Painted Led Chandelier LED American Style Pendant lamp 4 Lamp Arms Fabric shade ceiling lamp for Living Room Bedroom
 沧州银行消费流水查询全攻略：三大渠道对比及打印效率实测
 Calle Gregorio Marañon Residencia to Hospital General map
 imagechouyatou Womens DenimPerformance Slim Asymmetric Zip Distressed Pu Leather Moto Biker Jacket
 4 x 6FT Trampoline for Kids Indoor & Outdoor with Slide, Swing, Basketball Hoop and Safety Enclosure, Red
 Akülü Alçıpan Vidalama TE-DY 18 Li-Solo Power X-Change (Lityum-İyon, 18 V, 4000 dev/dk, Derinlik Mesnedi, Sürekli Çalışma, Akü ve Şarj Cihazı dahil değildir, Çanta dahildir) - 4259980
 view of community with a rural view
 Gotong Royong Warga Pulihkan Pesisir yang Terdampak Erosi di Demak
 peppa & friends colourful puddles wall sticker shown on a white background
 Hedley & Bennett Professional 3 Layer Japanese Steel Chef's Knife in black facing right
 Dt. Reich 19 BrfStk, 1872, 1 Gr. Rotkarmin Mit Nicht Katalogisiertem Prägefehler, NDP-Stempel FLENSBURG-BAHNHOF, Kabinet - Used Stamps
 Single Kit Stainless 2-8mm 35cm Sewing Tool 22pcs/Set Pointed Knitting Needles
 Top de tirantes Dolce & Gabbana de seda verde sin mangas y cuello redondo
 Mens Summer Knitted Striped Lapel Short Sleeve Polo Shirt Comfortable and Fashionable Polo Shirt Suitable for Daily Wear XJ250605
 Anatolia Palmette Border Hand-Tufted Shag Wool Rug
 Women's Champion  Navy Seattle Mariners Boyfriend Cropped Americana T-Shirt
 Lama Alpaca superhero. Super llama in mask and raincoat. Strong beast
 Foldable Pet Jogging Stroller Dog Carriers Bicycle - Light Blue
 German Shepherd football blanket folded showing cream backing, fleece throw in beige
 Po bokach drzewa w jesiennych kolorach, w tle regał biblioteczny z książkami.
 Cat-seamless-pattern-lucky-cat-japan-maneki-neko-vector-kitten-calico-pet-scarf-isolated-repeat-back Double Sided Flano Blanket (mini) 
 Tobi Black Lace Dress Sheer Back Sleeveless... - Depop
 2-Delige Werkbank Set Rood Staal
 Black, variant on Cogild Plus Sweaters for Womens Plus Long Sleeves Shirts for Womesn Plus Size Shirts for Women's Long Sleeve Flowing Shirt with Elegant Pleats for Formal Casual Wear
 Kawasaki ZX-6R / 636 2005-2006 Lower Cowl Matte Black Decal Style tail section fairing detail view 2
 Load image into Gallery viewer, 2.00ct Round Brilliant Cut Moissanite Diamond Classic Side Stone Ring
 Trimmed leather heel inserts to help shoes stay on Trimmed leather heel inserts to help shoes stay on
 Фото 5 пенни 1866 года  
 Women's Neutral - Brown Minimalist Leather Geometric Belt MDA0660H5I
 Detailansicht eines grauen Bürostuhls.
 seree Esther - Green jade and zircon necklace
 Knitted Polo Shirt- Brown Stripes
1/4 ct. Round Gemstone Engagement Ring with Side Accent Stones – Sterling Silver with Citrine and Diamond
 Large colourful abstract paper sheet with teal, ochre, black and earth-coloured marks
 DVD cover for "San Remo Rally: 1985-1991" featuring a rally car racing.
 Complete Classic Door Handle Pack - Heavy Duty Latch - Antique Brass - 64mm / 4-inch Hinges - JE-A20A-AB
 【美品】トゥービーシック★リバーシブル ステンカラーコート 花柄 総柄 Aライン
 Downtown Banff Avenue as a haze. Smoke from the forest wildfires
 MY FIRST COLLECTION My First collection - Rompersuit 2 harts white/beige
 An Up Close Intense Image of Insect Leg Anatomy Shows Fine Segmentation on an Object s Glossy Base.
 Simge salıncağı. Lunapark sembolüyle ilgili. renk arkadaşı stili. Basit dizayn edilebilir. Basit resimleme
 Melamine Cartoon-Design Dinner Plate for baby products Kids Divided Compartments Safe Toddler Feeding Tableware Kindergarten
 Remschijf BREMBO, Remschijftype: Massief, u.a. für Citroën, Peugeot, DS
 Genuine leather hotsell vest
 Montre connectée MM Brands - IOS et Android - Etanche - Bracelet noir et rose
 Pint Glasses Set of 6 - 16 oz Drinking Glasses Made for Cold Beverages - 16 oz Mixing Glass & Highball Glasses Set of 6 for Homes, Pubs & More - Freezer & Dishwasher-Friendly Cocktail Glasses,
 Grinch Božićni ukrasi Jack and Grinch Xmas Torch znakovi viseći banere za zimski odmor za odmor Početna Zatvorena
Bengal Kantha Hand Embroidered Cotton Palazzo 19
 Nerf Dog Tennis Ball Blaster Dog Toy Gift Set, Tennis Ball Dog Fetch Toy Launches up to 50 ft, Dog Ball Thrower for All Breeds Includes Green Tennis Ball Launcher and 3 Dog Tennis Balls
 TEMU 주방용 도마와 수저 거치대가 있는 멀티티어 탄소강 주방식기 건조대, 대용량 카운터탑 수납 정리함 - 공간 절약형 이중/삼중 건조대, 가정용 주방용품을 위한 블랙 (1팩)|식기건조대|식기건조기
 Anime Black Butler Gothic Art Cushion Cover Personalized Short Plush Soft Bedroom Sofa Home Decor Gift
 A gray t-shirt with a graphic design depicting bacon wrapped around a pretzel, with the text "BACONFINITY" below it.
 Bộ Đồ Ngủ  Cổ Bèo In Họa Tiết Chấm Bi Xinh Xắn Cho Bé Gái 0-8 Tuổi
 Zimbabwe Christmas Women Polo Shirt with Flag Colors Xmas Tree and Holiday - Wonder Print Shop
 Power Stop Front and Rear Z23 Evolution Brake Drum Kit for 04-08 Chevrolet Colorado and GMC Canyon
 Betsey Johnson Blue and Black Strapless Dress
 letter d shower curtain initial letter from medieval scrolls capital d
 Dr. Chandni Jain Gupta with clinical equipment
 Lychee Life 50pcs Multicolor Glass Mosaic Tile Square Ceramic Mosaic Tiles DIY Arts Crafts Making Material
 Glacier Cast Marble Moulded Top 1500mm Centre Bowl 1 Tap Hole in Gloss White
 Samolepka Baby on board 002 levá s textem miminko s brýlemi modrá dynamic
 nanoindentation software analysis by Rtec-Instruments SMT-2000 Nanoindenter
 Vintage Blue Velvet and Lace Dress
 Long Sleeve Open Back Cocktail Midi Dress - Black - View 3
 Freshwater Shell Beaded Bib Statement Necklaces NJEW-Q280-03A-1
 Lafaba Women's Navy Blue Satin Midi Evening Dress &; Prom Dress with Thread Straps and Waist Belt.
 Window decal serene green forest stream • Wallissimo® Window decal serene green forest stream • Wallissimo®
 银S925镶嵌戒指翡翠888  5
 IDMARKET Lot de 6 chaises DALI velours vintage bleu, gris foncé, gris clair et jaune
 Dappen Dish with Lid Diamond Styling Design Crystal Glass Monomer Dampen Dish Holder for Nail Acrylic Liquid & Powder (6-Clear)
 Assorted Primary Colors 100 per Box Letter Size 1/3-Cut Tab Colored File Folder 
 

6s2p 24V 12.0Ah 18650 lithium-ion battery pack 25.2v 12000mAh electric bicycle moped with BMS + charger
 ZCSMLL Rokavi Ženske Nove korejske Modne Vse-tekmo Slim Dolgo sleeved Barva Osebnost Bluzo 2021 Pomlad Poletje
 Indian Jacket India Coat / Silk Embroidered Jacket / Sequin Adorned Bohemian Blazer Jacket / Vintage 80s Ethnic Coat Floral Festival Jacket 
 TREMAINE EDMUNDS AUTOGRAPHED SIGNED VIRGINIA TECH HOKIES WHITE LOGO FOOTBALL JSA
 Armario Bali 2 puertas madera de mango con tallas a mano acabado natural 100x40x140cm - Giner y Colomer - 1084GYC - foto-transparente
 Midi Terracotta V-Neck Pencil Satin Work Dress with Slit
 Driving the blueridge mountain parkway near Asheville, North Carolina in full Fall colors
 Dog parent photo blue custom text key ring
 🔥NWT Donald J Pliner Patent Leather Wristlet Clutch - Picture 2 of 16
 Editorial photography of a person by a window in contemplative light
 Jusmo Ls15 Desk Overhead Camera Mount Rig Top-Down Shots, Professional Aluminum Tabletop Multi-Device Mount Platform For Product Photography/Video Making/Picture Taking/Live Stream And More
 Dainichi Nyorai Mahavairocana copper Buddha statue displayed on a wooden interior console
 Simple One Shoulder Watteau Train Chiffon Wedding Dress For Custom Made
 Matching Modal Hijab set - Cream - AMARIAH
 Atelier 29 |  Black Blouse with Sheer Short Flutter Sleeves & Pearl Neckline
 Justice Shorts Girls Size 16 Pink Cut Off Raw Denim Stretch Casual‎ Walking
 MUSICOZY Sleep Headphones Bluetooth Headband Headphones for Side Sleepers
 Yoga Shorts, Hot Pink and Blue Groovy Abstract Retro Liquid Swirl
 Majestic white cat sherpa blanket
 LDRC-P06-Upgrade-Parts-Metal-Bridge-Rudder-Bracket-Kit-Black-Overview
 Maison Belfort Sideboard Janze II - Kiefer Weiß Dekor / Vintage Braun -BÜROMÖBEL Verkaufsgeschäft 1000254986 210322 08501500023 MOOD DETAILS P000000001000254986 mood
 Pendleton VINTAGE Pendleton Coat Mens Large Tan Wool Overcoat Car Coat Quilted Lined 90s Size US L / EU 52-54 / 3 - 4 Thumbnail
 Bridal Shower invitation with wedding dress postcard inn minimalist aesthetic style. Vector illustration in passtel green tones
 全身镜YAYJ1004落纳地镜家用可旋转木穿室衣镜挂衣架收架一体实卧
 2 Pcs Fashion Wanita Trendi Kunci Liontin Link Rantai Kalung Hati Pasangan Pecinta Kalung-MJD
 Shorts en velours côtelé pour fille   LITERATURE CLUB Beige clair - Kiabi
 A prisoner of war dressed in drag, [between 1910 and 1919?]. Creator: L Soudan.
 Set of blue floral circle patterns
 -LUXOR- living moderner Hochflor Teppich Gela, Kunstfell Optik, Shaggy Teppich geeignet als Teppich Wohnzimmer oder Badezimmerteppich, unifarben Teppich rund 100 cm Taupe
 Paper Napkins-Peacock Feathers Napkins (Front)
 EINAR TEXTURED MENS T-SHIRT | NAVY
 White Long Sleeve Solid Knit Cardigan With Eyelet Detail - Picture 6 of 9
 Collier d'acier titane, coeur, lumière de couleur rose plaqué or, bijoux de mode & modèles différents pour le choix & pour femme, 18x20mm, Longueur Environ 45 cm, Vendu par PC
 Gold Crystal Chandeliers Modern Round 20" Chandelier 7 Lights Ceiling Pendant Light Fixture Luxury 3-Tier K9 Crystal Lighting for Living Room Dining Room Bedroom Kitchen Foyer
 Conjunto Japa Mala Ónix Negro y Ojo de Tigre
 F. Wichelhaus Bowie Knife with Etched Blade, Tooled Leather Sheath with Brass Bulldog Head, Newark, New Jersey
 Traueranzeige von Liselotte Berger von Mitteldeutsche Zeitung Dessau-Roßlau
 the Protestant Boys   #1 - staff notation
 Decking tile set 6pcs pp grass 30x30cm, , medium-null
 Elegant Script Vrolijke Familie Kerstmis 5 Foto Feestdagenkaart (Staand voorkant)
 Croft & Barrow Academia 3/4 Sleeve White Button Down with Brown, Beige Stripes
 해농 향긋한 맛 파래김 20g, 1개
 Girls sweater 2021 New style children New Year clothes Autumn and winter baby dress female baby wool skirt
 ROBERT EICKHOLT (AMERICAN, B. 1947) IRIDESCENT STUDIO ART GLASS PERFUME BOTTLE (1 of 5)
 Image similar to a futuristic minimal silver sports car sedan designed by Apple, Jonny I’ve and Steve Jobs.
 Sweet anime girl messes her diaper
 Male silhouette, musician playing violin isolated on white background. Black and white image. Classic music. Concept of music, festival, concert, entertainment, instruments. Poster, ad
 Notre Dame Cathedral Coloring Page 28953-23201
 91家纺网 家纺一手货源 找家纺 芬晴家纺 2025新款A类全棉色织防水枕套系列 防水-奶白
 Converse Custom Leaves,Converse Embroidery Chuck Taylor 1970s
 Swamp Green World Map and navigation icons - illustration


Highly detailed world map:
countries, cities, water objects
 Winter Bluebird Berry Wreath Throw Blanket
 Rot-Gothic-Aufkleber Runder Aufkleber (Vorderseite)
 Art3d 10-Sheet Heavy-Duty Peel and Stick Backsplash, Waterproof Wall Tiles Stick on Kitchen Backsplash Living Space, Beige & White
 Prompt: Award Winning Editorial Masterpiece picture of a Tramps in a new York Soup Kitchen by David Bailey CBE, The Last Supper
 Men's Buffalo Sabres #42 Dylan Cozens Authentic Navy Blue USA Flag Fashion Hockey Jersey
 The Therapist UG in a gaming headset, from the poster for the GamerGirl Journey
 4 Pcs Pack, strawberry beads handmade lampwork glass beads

**Exercise requirements:** Among the lines above, count those containing the word "Brass" and give nothing but the result.

**Your solution:** 2